Short descriptive text snippets:
════════════════

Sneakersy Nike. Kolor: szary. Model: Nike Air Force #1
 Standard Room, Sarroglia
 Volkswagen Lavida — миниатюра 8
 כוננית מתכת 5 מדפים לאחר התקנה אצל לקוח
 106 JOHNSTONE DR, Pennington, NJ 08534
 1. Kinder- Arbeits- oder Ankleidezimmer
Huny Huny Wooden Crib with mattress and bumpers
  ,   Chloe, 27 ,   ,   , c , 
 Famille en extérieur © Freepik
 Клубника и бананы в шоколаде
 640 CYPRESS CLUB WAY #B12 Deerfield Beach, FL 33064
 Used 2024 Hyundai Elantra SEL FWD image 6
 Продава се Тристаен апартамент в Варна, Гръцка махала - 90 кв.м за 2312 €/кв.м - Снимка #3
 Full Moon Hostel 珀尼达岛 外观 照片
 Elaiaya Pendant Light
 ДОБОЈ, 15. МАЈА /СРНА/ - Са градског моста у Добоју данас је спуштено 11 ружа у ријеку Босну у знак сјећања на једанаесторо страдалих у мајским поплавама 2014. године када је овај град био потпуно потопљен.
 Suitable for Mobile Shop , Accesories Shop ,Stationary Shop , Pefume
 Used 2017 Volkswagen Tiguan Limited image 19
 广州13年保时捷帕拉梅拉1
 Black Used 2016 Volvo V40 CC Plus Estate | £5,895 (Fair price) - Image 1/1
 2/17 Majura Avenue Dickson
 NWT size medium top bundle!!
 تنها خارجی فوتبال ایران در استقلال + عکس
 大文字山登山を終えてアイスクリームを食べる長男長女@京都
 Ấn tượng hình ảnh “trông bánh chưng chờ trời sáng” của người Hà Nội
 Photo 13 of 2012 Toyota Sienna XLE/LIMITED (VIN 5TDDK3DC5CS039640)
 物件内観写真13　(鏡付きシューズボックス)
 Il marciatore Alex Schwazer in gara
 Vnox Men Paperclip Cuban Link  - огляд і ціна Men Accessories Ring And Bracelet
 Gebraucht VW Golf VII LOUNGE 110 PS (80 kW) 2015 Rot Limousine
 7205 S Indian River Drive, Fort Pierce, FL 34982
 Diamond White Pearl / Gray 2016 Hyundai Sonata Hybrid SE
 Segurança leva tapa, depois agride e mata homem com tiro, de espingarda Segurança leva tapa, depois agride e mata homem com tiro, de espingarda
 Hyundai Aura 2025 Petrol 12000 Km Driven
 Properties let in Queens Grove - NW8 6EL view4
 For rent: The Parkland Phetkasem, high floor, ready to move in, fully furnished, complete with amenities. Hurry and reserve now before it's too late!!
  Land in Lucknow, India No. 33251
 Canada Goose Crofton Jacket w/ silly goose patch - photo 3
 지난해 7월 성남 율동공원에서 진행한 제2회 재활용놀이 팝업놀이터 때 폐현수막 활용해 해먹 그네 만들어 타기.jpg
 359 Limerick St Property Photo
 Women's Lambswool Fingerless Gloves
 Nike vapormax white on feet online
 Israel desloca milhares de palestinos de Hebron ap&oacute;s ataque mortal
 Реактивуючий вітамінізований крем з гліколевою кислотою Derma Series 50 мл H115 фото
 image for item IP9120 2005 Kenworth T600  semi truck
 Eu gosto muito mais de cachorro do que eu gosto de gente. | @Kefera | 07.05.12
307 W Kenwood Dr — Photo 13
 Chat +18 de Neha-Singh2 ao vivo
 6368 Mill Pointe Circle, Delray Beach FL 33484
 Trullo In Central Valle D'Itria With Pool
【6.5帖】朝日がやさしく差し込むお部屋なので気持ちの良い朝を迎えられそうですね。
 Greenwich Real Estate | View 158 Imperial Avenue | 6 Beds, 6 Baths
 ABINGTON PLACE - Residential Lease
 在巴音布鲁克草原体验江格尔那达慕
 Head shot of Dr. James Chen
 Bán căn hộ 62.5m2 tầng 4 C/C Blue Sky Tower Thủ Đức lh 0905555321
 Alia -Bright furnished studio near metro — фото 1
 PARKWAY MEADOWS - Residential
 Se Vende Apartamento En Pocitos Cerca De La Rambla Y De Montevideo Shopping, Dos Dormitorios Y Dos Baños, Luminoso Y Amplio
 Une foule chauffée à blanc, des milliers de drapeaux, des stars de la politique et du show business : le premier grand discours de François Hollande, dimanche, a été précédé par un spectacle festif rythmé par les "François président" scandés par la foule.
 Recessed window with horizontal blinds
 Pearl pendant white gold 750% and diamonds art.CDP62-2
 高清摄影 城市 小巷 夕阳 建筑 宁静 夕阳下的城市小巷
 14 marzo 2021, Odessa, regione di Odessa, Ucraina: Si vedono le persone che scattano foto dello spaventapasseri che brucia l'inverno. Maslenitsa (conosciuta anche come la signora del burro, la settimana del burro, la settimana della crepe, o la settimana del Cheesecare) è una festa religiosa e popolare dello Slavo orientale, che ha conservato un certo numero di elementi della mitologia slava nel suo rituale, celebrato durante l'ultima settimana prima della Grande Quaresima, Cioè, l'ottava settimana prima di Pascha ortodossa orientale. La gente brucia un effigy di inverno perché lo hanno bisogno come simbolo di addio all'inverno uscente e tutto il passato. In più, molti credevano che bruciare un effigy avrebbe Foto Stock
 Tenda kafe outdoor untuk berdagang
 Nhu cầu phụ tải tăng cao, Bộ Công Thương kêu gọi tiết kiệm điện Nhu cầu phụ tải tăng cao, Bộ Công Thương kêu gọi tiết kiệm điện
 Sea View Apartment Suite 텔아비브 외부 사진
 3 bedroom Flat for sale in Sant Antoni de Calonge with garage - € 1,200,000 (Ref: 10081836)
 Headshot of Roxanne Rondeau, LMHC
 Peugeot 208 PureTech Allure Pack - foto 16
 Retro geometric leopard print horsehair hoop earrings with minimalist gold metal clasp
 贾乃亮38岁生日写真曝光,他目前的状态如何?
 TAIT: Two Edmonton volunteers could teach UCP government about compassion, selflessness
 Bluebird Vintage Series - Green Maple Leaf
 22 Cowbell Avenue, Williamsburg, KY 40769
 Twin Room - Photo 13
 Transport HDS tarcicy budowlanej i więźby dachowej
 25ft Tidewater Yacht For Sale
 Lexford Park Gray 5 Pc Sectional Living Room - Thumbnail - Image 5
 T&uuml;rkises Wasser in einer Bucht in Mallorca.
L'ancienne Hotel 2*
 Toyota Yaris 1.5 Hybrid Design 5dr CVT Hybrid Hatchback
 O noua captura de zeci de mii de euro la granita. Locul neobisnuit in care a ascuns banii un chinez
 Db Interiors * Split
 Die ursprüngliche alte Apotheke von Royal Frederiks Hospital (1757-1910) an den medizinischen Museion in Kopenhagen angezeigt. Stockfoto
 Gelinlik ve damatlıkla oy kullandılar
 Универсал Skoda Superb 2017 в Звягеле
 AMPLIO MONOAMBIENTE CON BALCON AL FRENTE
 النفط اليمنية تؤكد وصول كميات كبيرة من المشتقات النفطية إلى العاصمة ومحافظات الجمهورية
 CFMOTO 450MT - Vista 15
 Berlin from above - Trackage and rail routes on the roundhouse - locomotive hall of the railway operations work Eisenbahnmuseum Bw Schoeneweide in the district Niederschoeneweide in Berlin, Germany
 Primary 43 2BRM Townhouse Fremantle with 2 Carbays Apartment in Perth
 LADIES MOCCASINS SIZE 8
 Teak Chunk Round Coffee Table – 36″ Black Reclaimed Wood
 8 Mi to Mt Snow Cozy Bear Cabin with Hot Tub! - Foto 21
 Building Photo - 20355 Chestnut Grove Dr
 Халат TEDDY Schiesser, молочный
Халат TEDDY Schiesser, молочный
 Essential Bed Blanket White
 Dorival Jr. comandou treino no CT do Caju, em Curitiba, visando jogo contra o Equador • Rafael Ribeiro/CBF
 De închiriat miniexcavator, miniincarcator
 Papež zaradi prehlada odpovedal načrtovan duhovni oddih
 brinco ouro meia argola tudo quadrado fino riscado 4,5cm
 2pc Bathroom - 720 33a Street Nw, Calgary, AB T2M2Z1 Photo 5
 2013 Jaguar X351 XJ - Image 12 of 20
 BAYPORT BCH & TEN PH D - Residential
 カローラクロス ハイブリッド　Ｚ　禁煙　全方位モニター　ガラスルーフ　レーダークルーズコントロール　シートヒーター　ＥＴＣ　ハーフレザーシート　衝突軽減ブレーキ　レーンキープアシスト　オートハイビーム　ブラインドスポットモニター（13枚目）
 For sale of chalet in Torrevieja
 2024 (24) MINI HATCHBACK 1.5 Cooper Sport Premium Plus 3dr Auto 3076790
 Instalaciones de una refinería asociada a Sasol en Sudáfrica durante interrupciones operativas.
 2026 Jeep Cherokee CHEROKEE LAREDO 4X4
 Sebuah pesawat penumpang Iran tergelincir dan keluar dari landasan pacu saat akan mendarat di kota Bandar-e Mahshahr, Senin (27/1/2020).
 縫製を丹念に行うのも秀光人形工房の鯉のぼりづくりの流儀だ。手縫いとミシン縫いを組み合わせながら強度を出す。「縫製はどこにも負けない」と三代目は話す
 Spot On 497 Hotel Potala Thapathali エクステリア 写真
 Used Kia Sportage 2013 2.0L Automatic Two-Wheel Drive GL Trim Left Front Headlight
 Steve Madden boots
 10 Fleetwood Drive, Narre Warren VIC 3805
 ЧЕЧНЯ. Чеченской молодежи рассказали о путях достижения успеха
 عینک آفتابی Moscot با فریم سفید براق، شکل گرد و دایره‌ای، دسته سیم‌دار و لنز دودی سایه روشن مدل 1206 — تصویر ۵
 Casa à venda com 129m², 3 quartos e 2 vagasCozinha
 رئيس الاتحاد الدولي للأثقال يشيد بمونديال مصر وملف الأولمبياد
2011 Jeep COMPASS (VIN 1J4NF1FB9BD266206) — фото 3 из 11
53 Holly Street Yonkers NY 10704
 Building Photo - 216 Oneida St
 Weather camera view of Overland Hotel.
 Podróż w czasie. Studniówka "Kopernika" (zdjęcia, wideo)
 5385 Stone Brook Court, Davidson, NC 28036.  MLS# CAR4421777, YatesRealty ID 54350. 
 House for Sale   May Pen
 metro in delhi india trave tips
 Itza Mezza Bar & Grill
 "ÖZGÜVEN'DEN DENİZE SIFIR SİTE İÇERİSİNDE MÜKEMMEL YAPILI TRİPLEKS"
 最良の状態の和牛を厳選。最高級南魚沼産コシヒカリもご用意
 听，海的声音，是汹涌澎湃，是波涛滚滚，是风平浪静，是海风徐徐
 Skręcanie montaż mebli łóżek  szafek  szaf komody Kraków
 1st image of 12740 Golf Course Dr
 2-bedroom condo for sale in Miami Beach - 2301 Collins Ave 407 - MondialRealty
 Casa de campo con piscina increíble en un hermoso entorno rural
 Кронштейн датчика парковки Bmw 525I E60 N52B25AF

════════════════

__Work required__. Only those lines of the entries above that run from the line containing "Building Photo - 20355 Chestnut Grove Dr" to the line containing "2026 Jeep Cherokee CHEROKEE LAREDO 4X4", both included, should be transcribed exactly.

__Written answer__.
 Building Photo - 20355 Chestnut Grove Dr
 Халат TEDDY Schiesser, молочный
Халат TEDDY Schiesser, молочный
 Essential Bed Blanket White
 Dorival Jr. comandou treino no CT do Caju, em Curitiba, visando jogo contra o Equador • Rafael Ribeiro/CBF
 De închiriat miniexcavator, miniincarcator
 Papež zaradi prehlada odpovedal načrtovan duhovni oddih
 brinco ouro meia argola tudo quadrado fino riscado 4,5cm
 2pc Bathroom - 720 33a Street Nw, Calgary, AB T2M2Z1 Photo 5
 2013 Jaguar X351 XJ - Image 12 of 20
 BAYPORT BCH & TEN PH D - Residential
 カローラクロス ハイブリッド　Ｚ　禁煙　全方位モニター　ガラスルーフ　レーダークルーズコントロール　シートヒーター　ＥＴＣ　ハーフレザーシート　衝突軽減ブレーキ　レーンキープアシスト　オートハイビーム　ブラインドスポットモニター（13枚目）
 For sale of chalet in Torrevieja
 2024 (24) MINI HATCHBACK 1.5 Cooper Sport Premium Plus 3dr Auto 3076790
 Instalaciones de una refinería asociada a Sasol en Sudáfrica durante interrupciones operativas.
 2026 Jeep Cherokee CHEROKEE LAREDO 4X4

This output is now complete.